▸ **EXERCISE GOAL**: Take the data below and copy exactly the lines starting at the one with "WORK ワーク ホイール" and finishing at the one with "Holiday Stocking - I", both included.

▸ **LISTED ENTRIES**:

------------------------------------------------

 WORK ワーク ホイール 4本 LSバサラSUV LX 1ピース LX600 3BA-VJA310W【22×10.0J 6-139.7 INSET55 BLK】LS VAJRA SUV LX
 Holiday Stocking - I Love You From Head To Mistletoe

------------------------------------------------

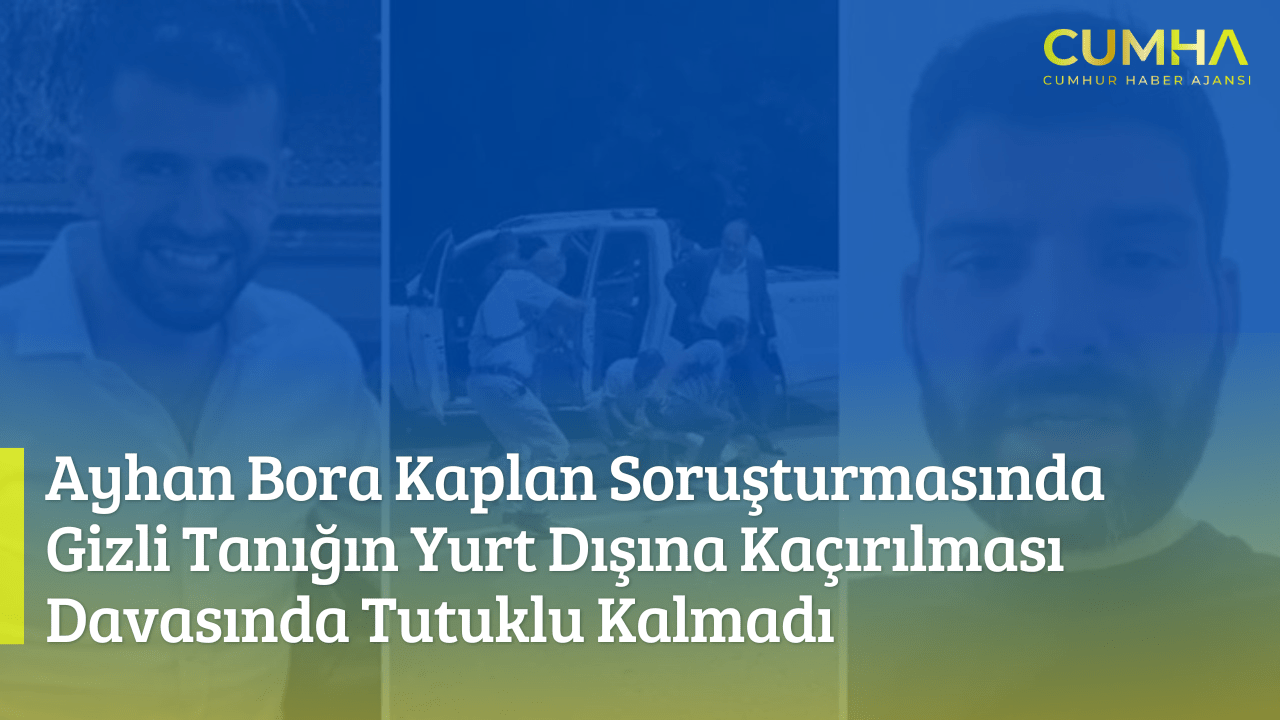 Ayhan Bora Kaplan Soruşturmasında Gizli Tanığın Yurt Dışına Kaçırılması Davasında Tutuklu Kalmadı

------------------------------------------------

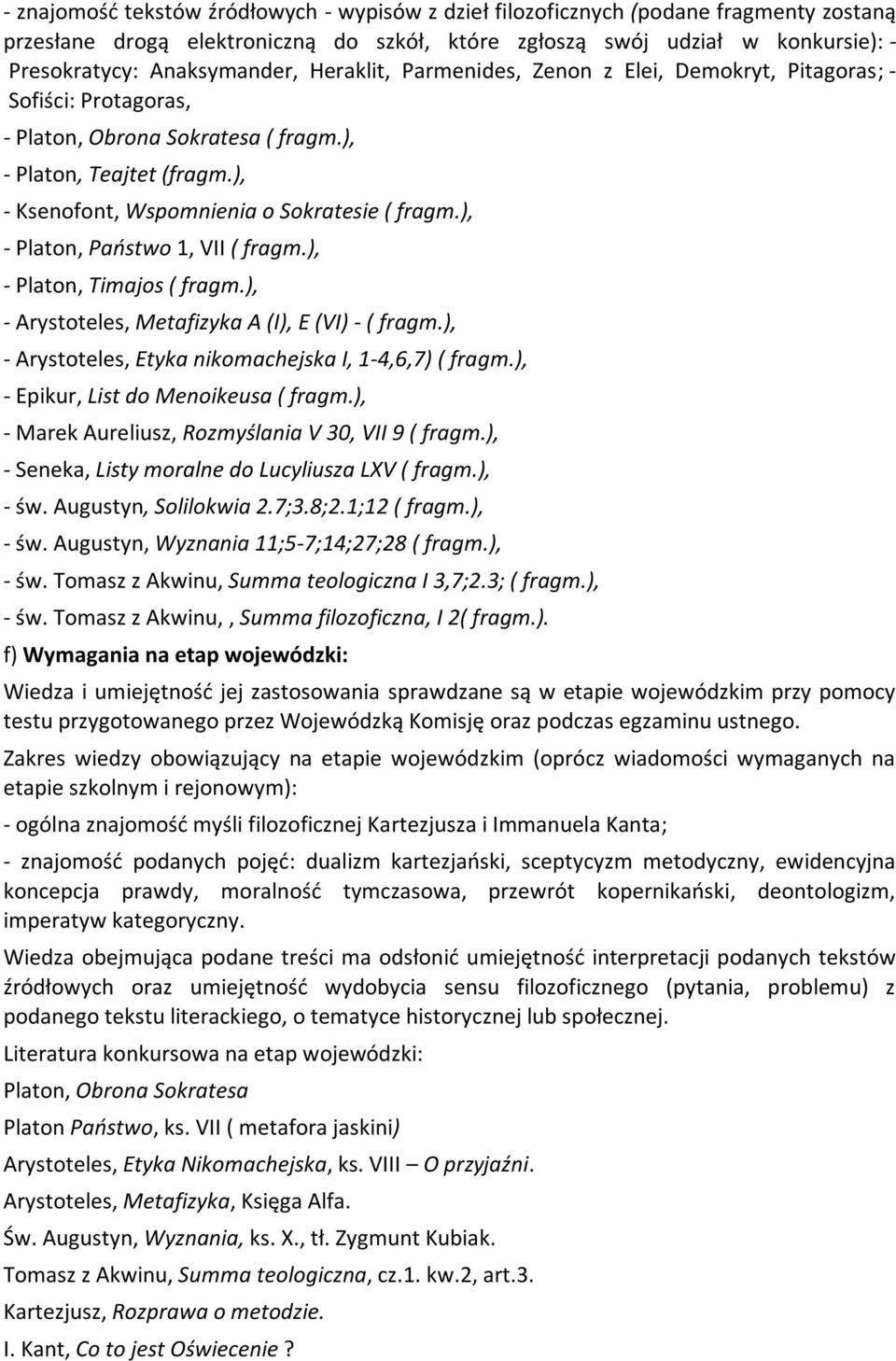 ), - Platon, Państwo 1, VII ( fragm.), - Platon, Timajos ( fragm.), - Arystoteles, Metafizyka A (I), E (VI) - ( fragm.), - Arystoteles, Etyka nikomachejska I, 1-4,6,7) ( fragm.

------------------------------------------------

▸ **ANSWER TO THE PROBLEM**:
 WORK ワーク ホイール 4本 LSバサラSUV LX 1ピース LX600 3BA-VJA310W【22×10.0J 6-139.7 INSET55 BLK】LS VAJRA SUV LX
 Holiday Stocking - I Love You From Head To Mistletoe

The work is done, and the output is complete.